Domenica niente partita. Almeno dalla tribuna. Chi vuole vedere il Milazzo dovrà arrangiarsi su un balcone o su una delle alture circostanti. La gara tra i mamertini e il Valle D’Aosta, infatti, si giocherà a porte chiuse. L’ha deciso la Commissione di Vigilanza questo pomeriggio, dopo che la società aveva provato a far riaprire gli spalti.

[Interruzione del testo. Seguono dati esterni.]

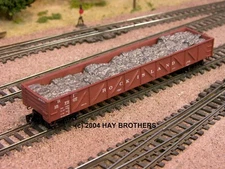 Hay Brothers BALED SCRAP ALUMINUM LOAD - Fits Micro-Trains 50' Gondolas 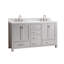Meuble-lavabo double 60 po avec plateau Souther-1590119317-1590119315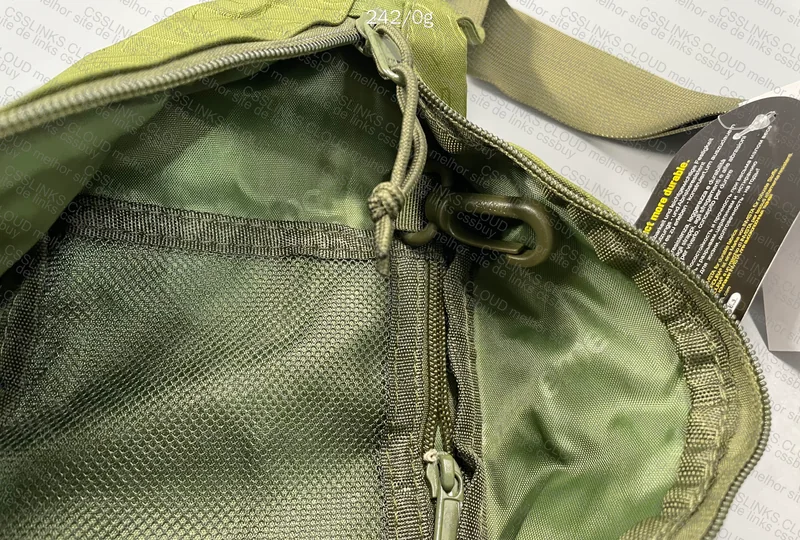 Green Supreme Bag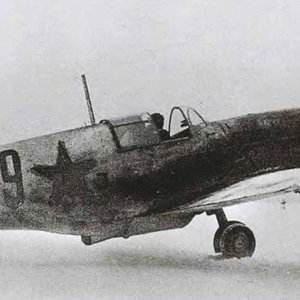 LaGG-3 "Red 59", 3 GIAP, 1942 (2)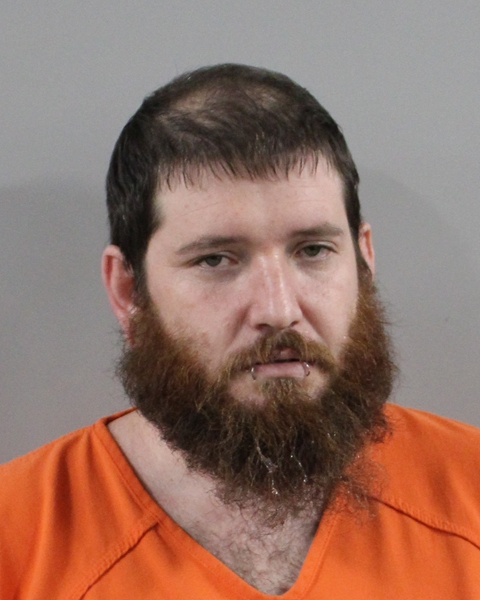 Booking photo of Jordan Engle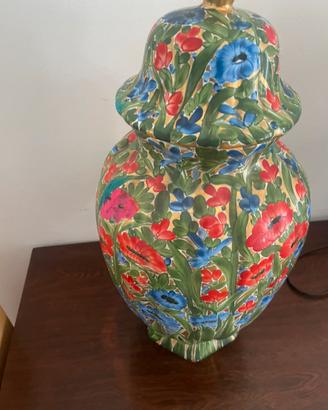 Vaso ornamentale Vintage mid-century SACAS
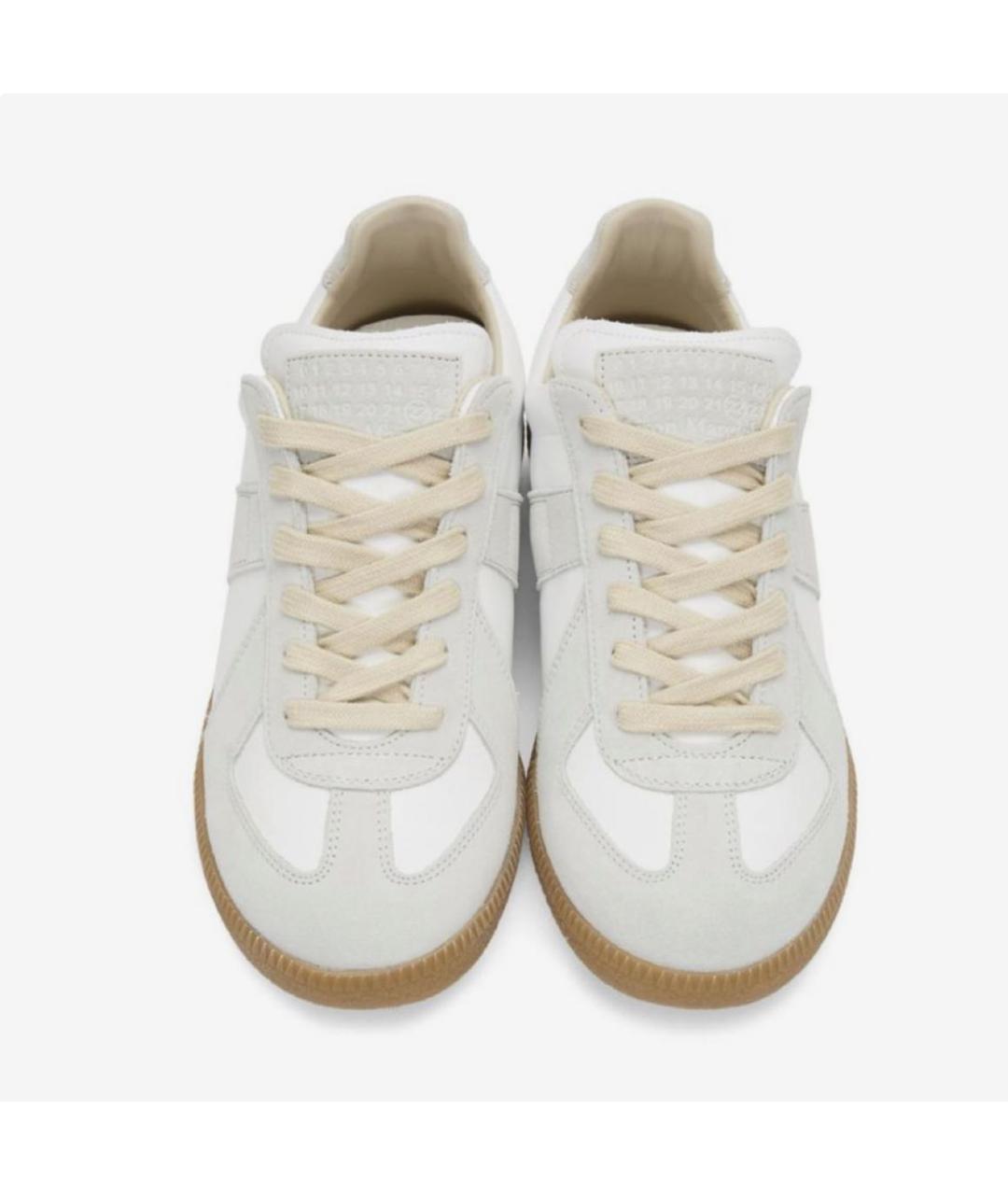 MAISON MARGIELA Лодочки на низком каблуке, фото 8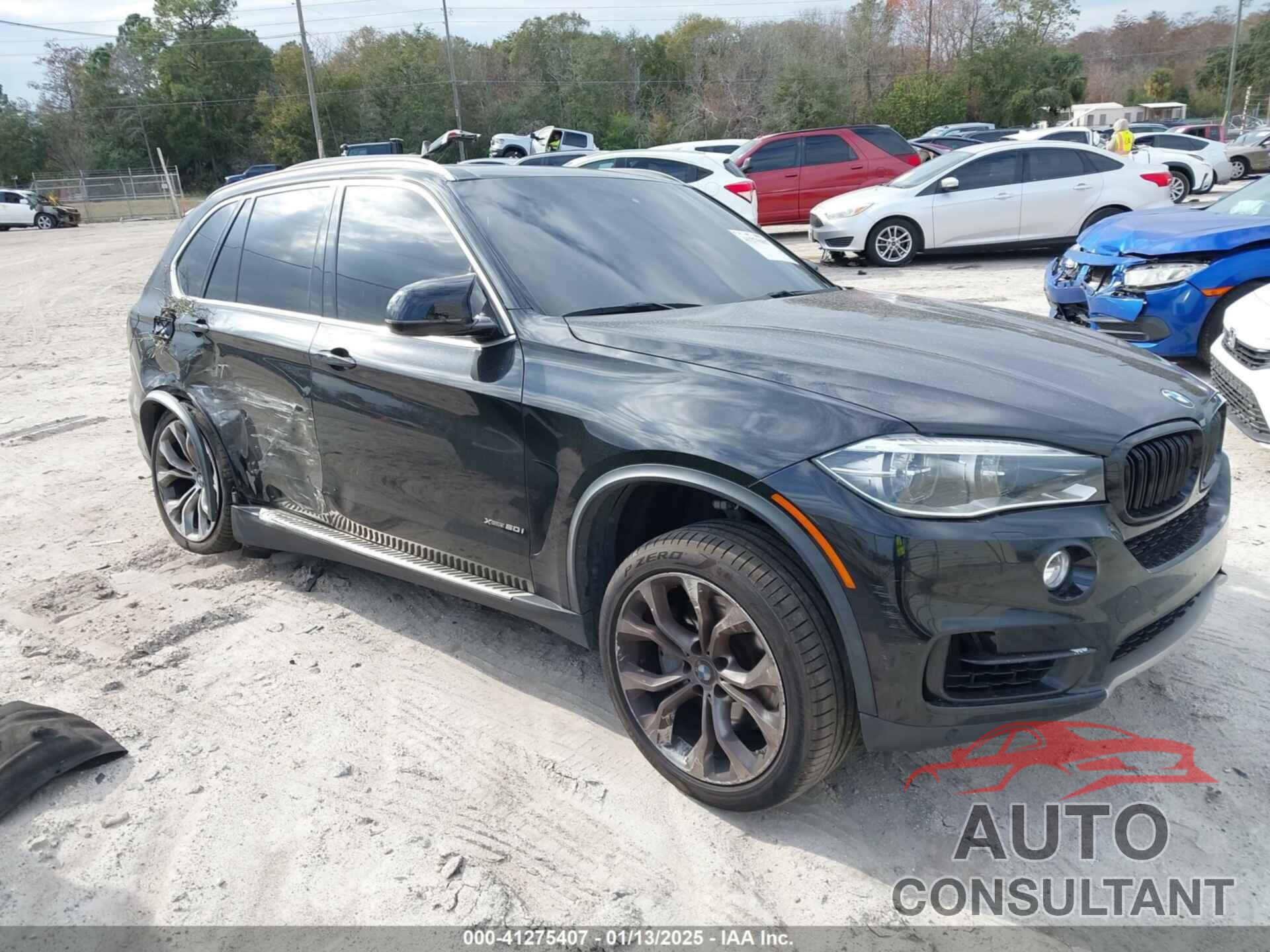 BMW X5 2015 - 5UXKR6C51F0J75115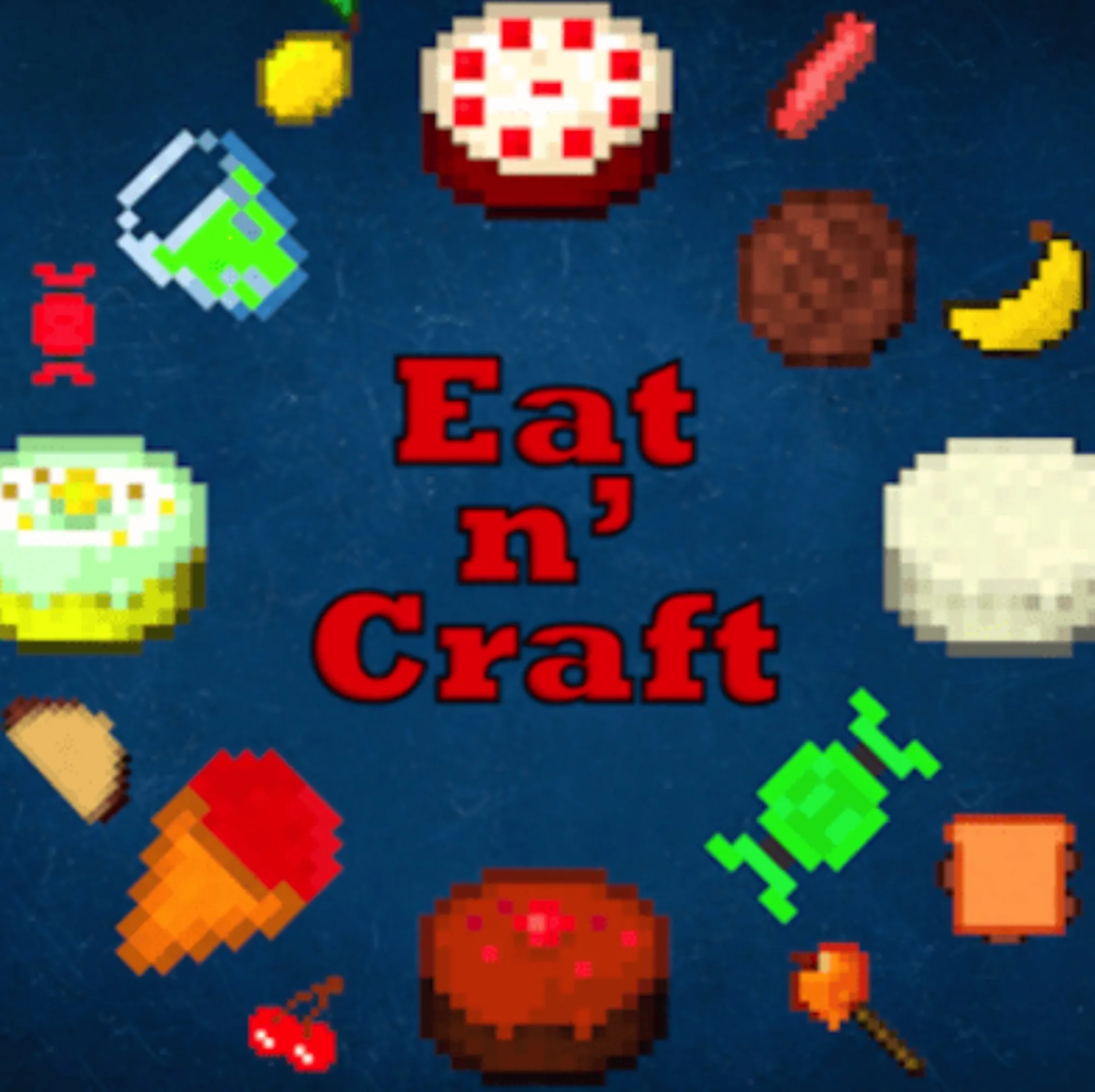 Eat n' Craft｜更多食物附加包 Eat n' Craft | More Food Addon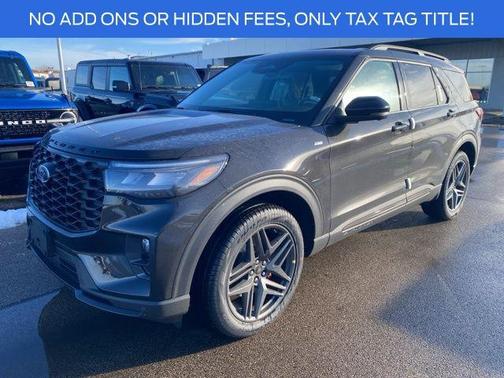 2026 Ford Explorer ST-Line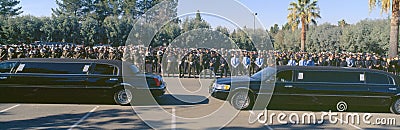 Funeral service for police officer,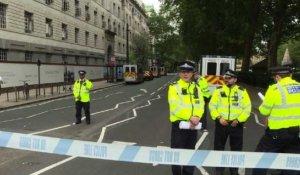 Attaque contre le Parlement à Londres: la police enquête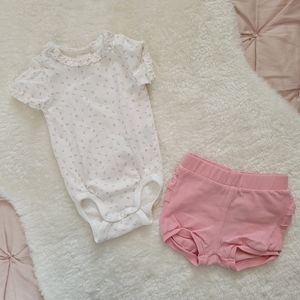 H&M Baby Coordinating Summer Set | 2-4M
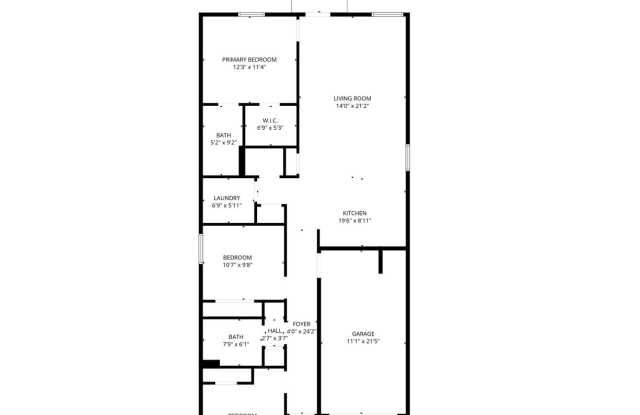 Brand New Corner-Lot 3BR/2BA Home | Near NAS Pensacola Gallery 3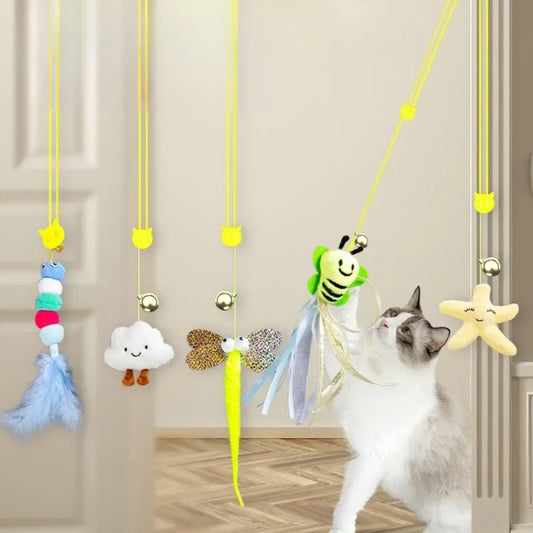 AIRCHASE™ — Giocattolo sospeso interattivo per gatti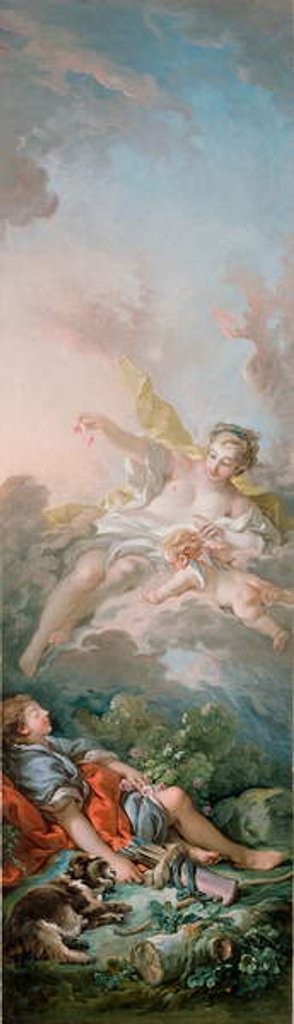 Detail of Aurora and Cephalus, 1769 by Francois Boucher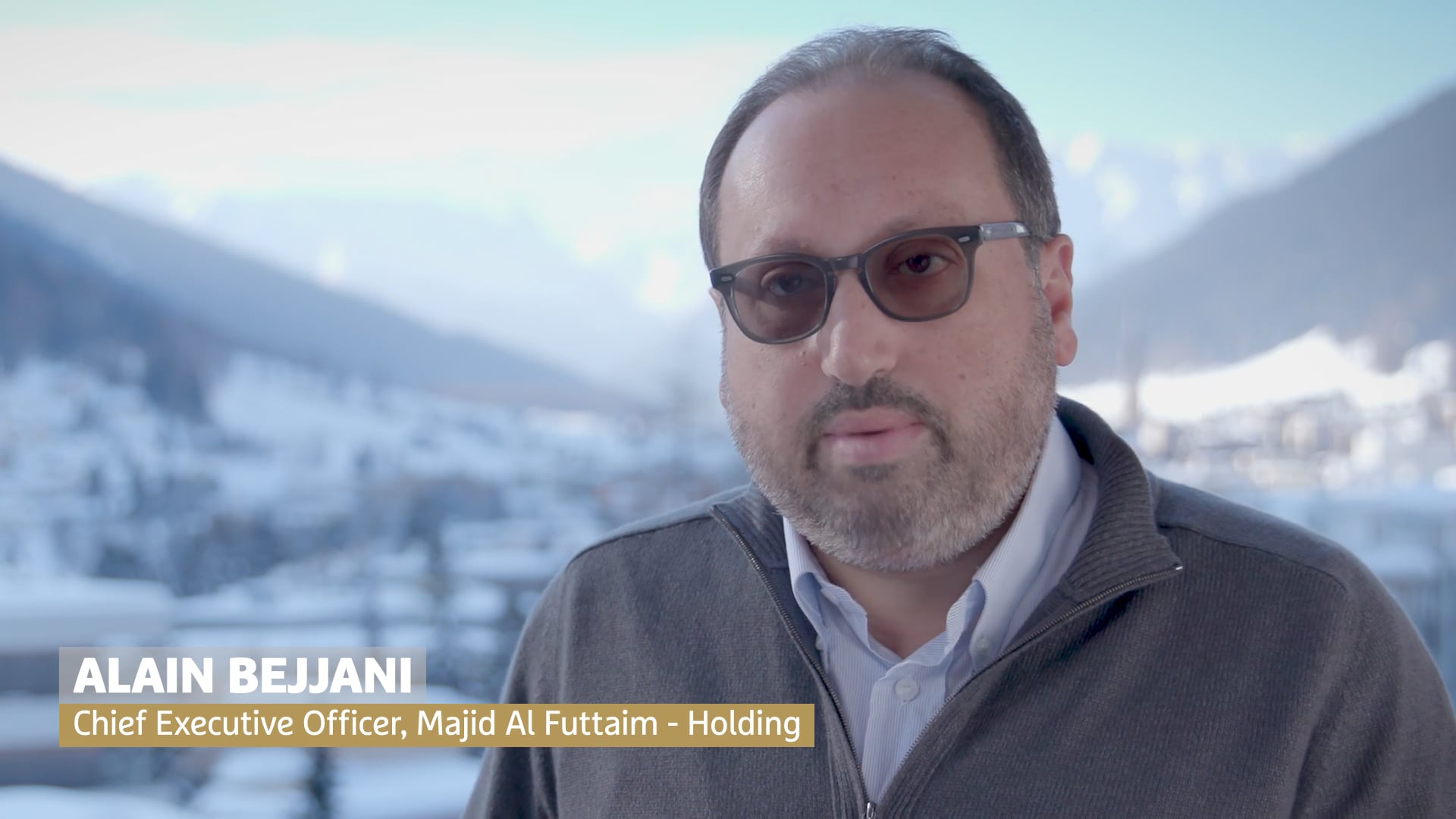 Majid Davos WEF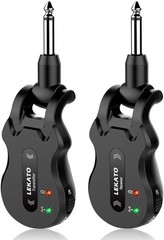 Wireless Guitar System 5.8 Wireless Guitar Transmitter Receiver Rechargeable …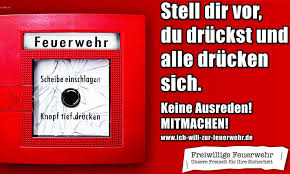 Vielleicht machst es ja irgendwann mal. Vorlage Freiwillige Feuerwehr Atting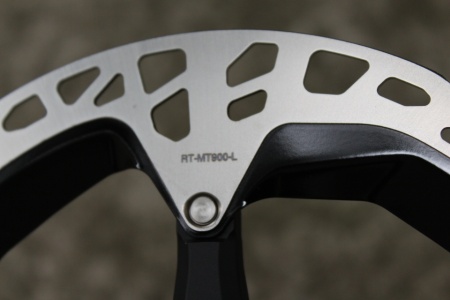 Shimano RT-MT900 XTR Center-Lock Ice Technology Freeza - 203mm disc rotor - inel external - Img 2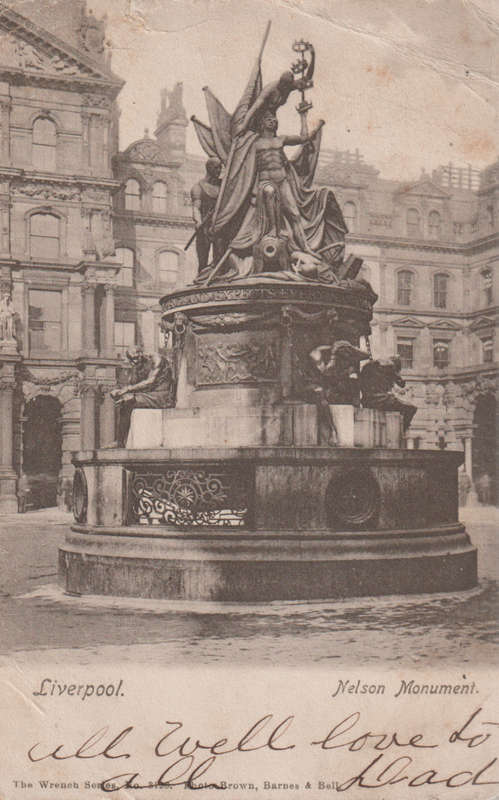 USED POST CARD 1903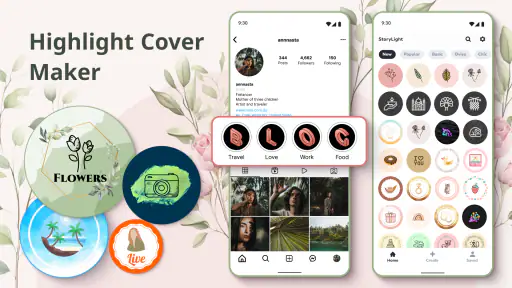 Highlight Cover Maker screenshot
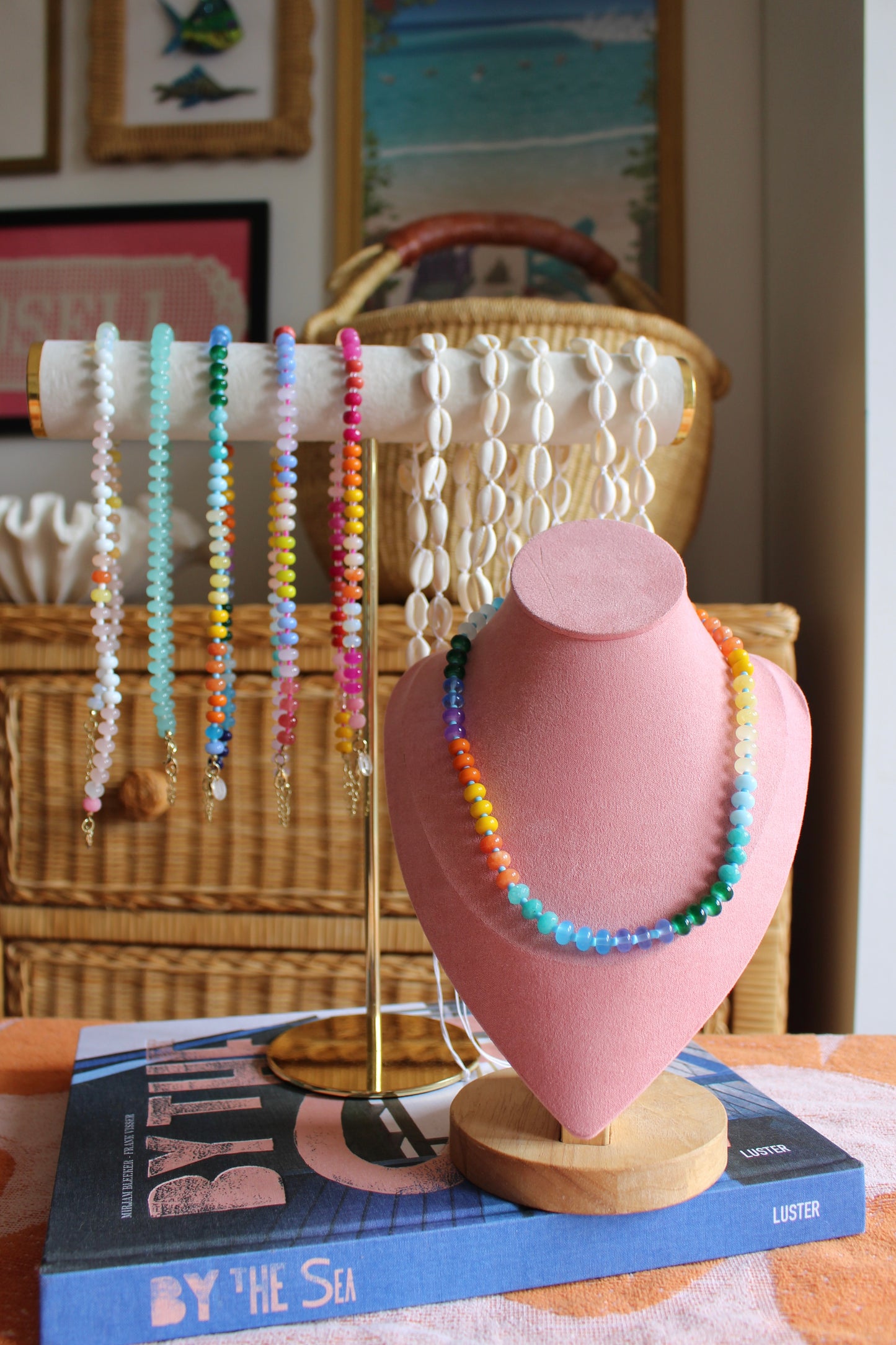 Beaded Necklaces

Una giornata particolare per il Milazzo che ha dovuto fare i conti anche con la grana Lewandowski. Il francese, ufficialmente malato, sembra aver avuto qualche battibecco con la società. A smentire il tutto il Direttore Generale, Mario Marino:  “Nessun  <caso Lewandwoski> . Il calciatore, ad oggi ancora febbricitante ed indisponibile, rientra tra i tesserati  che la proprietà della Società aveva invitato a rinegoziare la sua posizione contrattuale, considerata troppa onerosa.  Nello stesso tempo, dal punto di vista prettamente tecnico, la Società, sta valutando l’utilità e l’apporto che Lewandwoski può dare, con le nuove scelte di squadra e di gruppo in costruzione. Nessuna intenzione di far morire il calcio a Milazzo, anzi”.